Le texte de loi Avenir professionnel, présenté par la ministre du Travail, a été adopté dans la nuit de vendredi. Un amendement est notamment presque passé inaperçu.

Le gouvernement affiche depuis longtemps son objectif : inciter au retour à l'emploi toute personne au chômage. Mais aussi encourager les nouveaux projets professionnels, et pouvoir choisir librement son avenir professionnel. Aussi le texte de loi présenté par Muriel Pénicaud et adopté dans la nuit de vendredi à samedi permet-il à certains démissionnaires de toucher une allocation chômage dans le cadre d'un projet de reconversion. Mais selon le Journal du Dimanche, un autre article du projet de loi a été adopté au même moment qui pourrait s'avérer contre-productif.

Selon cet article, le gouvernement pourra ainsi "modifier les mesures d'application relatives [...] à l'activité réduite". Comprendre : avoir son mot à dire sur les rémunérations versées à certains salariés travailleurs qui cumulent salaires et allocations chômage.
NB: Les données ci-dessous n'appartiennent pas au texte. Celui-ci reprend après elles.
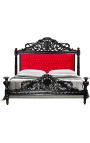 Baroque bed with red velvet fabric and black lacquered wood.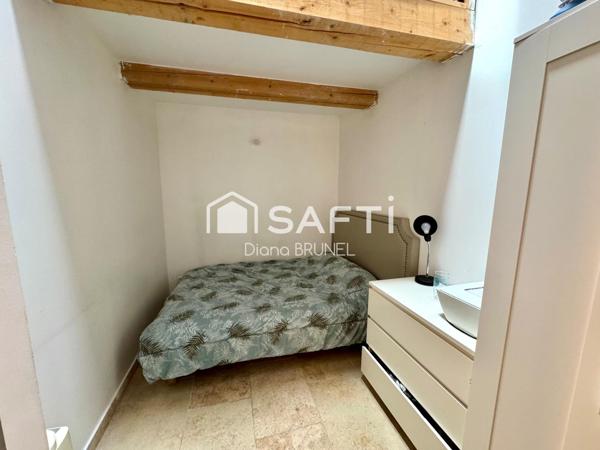 Immeuble comprenant local commercial et appart T4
Car cet article a initialement été pensé pour inciter les entreprises abusant des contrats courts à revoir leurs pratiques en instaurant un système de bonus malus. Sans révision avant la fin de l'année, l'État pourra

Pour l'exécutif, via cet article du texte de loi, il s'agit avant tout de lutter contre ces secteurs d'activité et ces entreprises qui entendent financer les imprévus de leur activité économique grâce à l'assurance chômage. Sauf que dans les faits, ce sont les salariés qui risquent d'être pénalisés. Quelque 1.560.000 personnes travaillent, chaque moi, tout en étant inscrits sur les registres de Pôle emploi. Ce qui représente environ 50 % des demandeurs d'emploi.

Une hausse des "permittents" de 60 % en cinq ans

Près de 730.000 d'entre eux ont une rémunération trop élevée pour leur permettre de toucher des allocations tandis que les 830.000 individus restants, eux, ne gagnent pas suffisamment pour s'en passer, explique le JDD. Ces travailleurs précaires sont appelés des "permittents" et occupent souvent des CDD ou des CDI dont la rémunération est inférieure à celle qu'ils touchaient lors de leur emploi précédent. Entre 2012 et 2017, le nombre de ces "permittents" a augmenté de 60 %.

Une situation et un constat pointés du doigt par l'exécutif, d'autant que cela a un certain coût pour l'Unédic : 5,4 milliards d'euros, d'après les données du rapport sur les perspectives financières de l'organisme publié mercredi. Ces travailleurs gagnent en moyenne 1.320 euros par mois, tout compris. Cette somme est en général supérieure à ce qu'ils toucheraient sans travailler, mais reste insuffisante par rapport à la rémunération correcte d'un temps plein.

Leur profil est souvent le même : travailleur qualifié et bien diplômé, œuvrant dans des secteurs aussi divers que l'administration, le médico-social, la restauration, ou encore les arts et spectacles et travaillant en général plus d'un mois d'affilée. Limiter la possibilité de cumuler allocation chômage et salaires impacterait donc grandement leur situation financière et leur insertion professionnelle. Selon un responsable de Pôle emploi, le gouvernement doit se montrer prudent sur la question : "l'erreur, c'est de croire que les permittents sont maîtres de leurs conditions d'emploi. Bien souvent, ils les subissent".